This script sets up or updates a host to connect to a tinc vpn. It allows you to start a network from scratch, join an existing network, decide which peers you will connect with, and can package up your tinc configuration so others can join the network too.
This is aimed at users who just want to make a bunch of boxes talk to each other. It won't setup bridging between two segments or anything like that.
You should run this script as root (or any other user who is allowed to write to /etc/tinc).
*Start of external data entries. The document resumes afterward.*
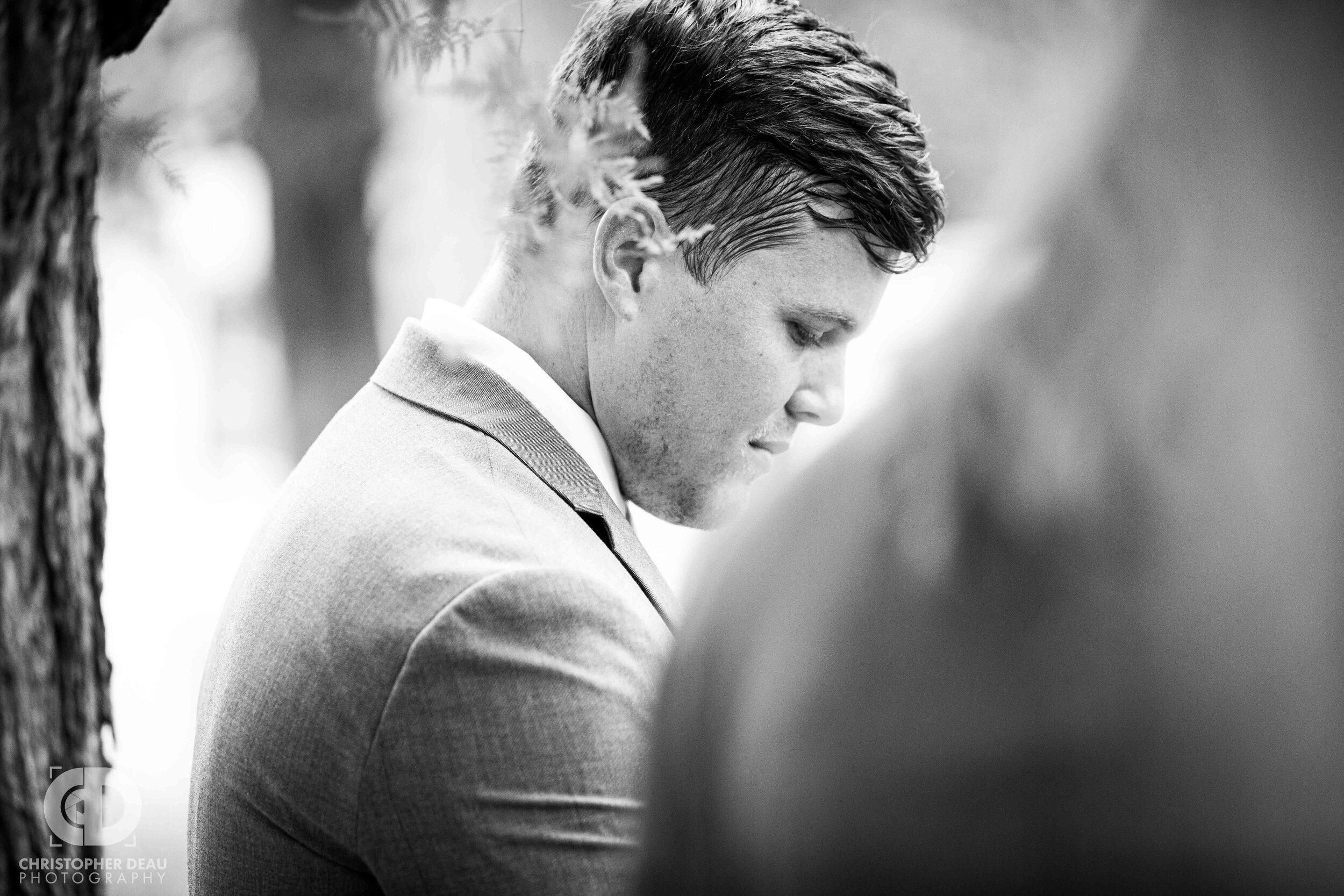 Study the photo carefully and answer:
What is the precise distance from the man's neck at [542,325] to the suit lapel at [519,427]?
0.20 meters

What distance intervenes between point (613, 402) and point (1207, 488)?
1475 mm

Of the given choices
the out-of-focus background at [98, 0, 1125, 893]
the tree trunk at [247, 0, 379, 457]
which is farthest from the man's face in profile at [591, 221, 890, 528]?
the tree trunk at [247, 0, 379, 457]

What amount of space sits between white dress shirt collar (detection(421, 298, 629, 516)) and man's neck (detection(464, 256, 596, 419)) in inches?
0.8

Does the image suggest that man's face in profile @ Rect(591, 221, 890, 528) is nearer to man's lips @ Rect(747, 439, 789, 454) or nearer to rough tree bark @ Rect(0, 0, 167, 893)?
man's lips @ Rect(747, 439, 789, 454)

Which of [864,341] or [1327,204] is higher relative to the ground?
[1327,204]

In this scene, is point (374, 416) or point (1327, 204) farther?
point (374, 416)

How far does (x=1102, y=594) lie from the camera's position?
735 millimetres

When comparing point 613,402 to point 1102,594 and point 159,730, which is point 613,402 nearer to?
point 1102,594

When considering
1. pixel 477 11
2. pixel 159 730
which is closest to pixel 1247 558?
pixel 477 11

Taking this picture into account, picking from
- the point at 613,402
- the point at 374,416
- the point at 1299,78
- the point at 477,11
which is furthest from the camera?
the point at 613,402

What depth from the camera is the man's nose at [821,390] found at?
225 cm

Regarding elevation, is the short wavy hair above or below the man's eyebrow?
above

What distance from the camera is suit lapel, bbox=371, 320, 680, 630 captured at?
1.86 meters

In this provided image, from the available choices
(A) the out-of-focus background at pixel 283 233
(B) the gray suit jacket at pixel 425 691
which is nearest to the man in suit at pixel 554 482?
(B) the gray suit jacket at pixel 425 691
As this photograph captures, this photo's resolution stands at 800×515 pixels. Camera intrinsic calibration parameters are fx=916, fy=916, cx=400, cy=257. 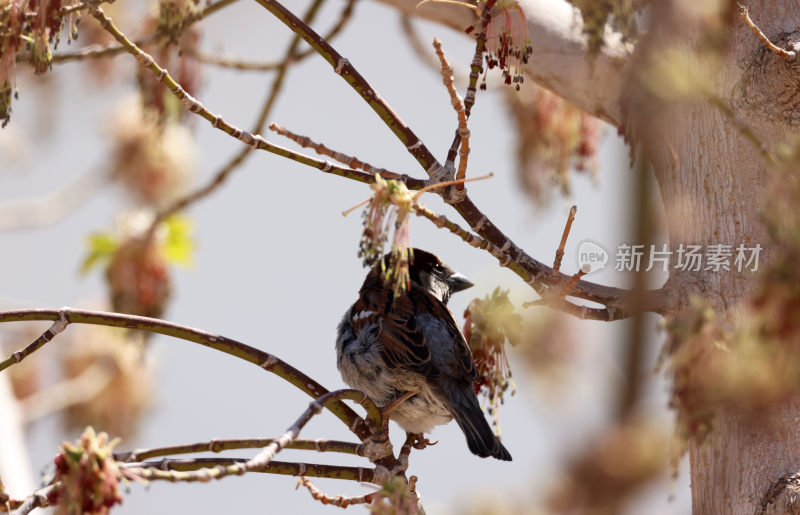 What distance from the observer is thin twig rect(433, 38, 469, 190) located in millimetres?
1860

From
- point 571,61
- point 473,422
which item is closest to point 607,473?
point 473,422

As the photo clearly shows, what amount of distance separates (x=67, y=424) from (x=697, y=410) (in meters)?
5.06

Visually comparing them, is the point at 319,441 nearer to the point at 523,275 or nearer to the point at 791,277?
the point at 523,275

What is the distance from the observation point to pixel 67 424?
571 cm

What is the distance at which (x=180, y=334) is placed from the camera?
6.64 feet

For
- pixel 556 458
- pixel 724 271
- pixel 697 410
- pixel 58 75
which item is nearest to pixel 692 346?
pixel 697 410

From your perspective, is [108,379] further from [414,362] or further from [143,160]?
[414,362]

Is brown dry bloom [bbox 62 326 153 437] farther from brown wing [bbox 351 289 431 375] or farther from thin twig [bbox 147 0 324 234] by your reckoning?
brown wing [bbox 351 289 431 375]

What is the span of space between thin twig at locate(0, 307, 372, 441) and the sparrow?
669mm

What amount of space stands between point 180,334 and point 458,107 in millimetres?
784

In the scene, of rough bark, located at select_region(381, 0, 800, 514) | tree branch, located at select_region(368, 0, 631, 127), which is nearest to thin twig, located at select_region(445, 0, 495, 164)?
rough bark, located at select_region(381, 0, 800, 514)

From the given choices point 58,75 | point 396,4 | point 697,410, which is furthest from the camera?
point 58,75

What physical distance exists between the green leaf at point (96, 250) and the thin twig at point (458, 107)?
11.1 feet

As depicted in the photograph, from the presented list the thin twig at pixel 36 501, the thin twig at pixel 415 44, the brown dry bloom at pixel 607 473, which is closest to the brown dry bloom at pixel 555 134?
the thin twig at pixel 415 44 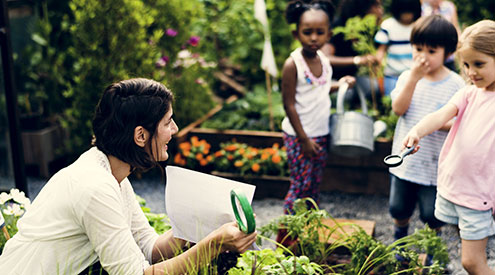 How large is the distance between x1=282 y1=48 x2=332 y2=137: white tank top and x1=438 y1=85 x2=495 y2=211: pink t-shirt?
1.08 metres

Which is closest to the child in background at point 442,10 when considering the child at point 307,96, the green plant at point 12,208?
the child at point 307,96

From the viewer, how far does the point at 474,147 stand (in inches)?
100

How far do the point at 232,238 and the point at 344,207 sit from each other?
261cm

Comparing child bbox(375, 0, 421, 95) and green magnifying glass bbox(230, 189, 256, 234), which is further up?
child bbox(375, 0, 421, 95)

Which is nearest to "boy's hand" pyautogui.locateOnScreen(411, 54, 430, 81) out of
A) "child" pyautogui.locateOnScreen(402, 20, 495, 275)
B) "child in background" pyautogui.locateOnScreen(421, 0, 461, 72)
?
"child" pyautogui.locateOnScreen(402, 20, 495, 275)

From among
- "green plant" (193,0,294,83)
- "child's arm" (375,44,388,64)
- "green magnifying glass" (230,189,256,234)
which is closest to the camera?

This script creates files in the current directory, so you should run it from /etc/tinc (or use the --root parameter to specify that directory).
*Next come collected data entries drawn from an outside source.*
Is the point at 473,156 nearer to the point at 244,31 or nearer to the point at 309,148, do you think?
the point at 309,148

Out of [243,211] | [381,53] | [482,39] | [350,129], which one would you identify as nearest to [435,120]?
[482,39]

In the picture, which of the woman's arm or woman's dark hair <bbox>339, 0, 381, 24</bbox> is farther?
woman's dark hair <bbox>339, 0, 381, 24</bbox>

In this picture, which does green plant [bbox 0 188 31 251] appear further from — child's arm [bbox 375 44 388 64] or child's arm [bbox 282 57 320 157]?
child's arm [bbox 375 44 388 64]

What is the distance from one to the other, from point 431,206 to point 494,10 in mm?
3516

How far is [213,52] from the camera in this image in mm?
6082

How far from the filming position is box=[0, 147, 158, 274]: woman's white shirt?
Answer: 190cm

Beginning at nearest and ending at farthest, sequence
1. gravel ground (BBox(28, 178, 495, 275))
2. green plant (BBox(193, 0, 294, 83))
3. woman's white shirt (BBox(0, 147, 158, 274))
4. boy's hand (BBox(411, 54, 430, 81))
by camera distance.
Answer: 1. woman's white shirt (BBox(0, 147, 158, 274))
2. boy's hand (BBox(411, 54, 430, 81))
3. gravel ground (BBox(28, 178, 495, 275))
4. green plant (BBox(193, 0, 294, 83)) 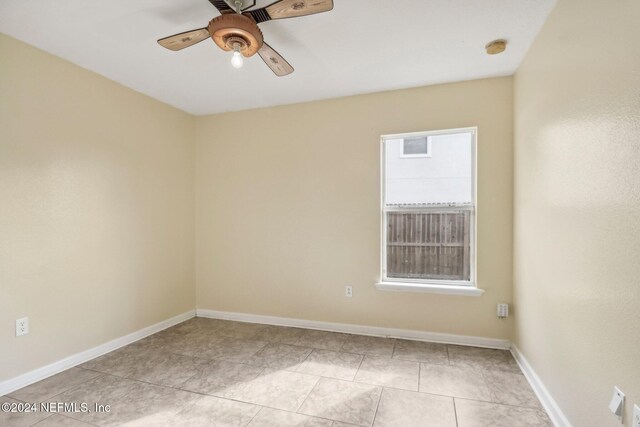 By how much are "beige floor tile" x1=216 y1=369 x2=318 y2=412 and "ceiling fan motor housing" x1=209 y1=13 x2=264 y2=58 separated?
2280 mm

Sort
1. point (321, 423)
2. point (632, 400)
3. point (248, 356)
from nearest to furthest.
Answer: point (632, 400) → point (321, 423) → point (248, 356)

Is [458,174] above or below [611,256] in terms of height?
above

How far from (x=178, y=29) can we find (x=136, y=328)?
9.29ft

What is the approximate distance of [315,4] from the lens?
56.0 inches

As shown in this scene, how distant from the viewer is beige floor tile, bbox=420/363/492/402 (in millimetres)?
2057

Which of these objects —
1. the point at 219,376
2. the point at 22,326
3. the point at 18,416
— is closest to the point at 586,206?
the point at 219,376

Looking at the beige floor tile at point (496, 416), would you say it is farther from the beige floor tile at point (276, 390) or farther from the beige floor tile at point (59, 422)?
the beige floor tile at point (59, 422)

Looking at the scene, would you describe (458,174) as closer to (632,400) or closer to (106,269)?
(632,400)

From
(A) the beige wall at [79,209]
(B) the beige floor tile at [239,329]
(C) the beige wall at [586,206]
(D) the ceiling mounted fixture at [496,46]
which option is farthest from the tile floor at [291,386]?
(D) the ceiling mounted fixture at [496,46]

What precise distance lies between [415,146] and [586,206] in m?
1.79

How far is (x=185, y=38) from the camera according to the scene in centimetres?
171

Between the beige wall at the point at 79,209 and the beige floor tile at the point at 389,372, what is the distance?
238cm

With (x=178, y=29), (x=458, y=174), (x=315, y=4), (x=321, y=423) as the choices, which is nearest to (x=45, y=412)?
(x=321, y=423)

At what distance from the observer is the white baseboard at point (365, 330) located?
278 centimetres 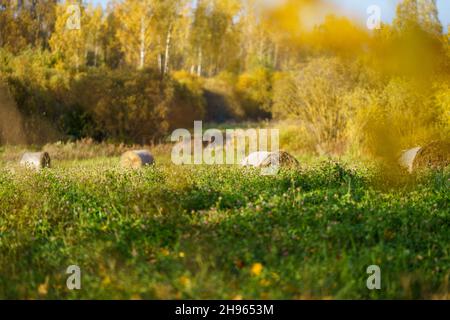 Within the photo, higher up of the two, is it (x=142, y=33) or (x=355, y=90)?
(x=142, y=33)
If you want to make a network from scratch (as opposed to joining an existing network), use the "add" command:
tinc_rollout.py --add -n network_name --hostname your_hostname --ip xxx.xxx.xxx.xxx
The IP address is how your box will be known on the vpn. It should probably begin with 10. or 198.162 or 17.16. Your hostname is the name you would like to be called on your network. If you already have a hostname in /etc/hostname, you might want to just use that.
tinc_rollout.py --add -n network_name --ip xxx.xxx.xxx.xxx --tar path/to/tinc_rollout.tar
The tinc_rollout.tar file should be provided by somebody else in the vpn. It contains some basic configuration and the host keys for peer nodes. This will create the network if needed and copy host files to it so you can accept connections with that network.
Any time two machines want to talk to each other, they will need to have each other's keys.
If in the future new machines join your vpn, simply drop their host file in /etc/tinc/network_name/hosts or do another "tinc_rollout.py --add" right on top of your existing config.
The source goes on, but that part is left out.